Mr Allen says stored water gives communities the opportunity to develop good economic and environmental outcomes and that Greenpeace action is a misguided publicity stunt.
“Greenpeace are barking up the wrong tree with dairy effluent – as those using the stored water will be doing so within strict resource consents conditions that have been through a very rigorous process.”
Mr Allen says that ACC have not been confirmed as an investor for the scheme and that out of 196 farms signed up so far, only one is a new dairy conversion.
Hawkes Bay has good soils and a moderate climate. Add reliable water to the mix and landowners will have lots of options only one of which is dairying.
However, it’s not what farmers do with the water but the impact it will have which matters. Stringent conditions in the irrigation scheme’s resource consent will protect the water and soil whatever is grown with it.
“The rural community will either remain as they are and use the irrigation as a form of resilience against dry periods or introduce some new higher value opportunities of cropping or vegetable products in their systems,” he says.

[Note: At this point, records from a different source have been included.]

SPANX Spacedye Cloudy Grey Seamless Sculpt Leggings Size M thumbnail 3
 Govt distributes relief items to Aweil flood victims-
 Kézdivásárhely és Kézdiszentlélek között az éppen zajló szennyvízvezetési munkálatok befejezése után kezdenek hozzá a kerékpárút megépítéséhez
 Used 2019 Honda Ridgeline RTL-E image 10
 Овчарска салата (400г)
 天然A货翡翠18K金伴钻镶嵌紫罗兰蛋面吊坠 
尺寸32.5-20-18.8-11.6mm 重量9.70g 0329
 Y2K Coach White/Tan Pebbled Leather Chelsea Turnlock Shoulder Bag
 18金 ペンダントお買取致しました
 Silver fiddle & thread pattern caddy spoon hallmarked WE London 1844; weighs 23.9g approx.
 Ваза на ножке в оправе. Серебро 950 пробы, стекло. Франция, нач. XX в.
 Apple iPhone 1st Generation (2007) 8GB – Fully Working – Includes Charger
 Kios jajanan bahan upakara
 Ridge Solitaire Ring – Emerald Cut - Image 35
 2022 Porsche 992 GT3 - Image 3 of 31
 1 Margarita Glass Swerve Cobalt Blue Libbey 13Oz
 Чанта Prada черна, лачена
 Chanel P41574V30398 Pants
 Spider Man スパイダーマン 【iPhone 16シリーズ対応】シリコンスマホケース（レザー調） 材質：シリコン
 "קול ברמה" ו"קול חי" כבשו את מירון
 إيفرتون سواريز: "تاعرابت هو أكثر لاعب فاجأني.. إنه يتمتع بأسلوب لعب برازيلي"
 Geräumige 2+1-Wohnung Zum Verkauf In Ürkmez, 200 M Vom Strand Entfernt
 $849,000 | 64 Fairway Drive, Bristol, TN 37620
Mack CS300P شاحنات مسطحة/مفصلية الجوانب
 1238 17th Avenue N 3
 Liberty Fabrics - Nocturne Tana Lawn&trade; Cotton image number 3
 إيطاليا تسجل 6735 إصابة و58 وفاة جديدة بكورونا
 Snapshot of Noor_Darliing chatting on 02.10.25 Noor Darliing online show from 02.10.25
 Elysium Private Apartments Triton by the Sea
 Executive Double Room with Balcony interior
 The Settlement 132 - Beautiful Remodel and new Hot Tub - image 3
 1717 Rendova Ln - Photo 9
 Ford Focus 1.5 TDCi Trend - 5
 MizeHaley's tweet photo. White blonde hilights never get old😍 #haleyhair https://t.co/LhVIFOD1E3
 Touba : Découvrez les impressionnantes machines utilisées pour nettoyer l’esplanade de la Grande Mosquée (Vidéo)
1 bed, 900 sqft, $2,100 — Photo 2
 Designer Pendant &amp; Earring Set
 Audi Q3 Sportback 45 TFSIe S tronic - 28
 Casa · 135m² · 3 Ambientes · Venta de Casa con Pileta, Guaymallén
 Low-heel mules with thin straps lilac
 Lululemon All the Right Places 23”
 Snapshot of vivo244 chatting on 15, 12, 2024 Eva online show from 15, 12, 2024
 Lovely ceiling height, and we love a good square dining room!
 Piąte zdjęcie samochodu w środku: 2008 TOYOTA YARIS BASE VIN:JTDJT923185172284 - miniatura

“The entire Hawkes Bay region will benefit by way of improved access to drinking and stock water to recreational opportunities. The Tukituki Plan Change six was developed independently of Hawkes Bay Regional Council by a Board of Inquiry and put through various tests of the High Court.”
Federated Farmers would rather see Greenpeace support by advocating to Government the forward thinking opportunities to the TukiTuki region – that reliable water will bring if climate change effects the catchments rainfall.
Greenpeace has got it wrong again. Irrigation used carefully enhances the environment and also bring social and economic benefits.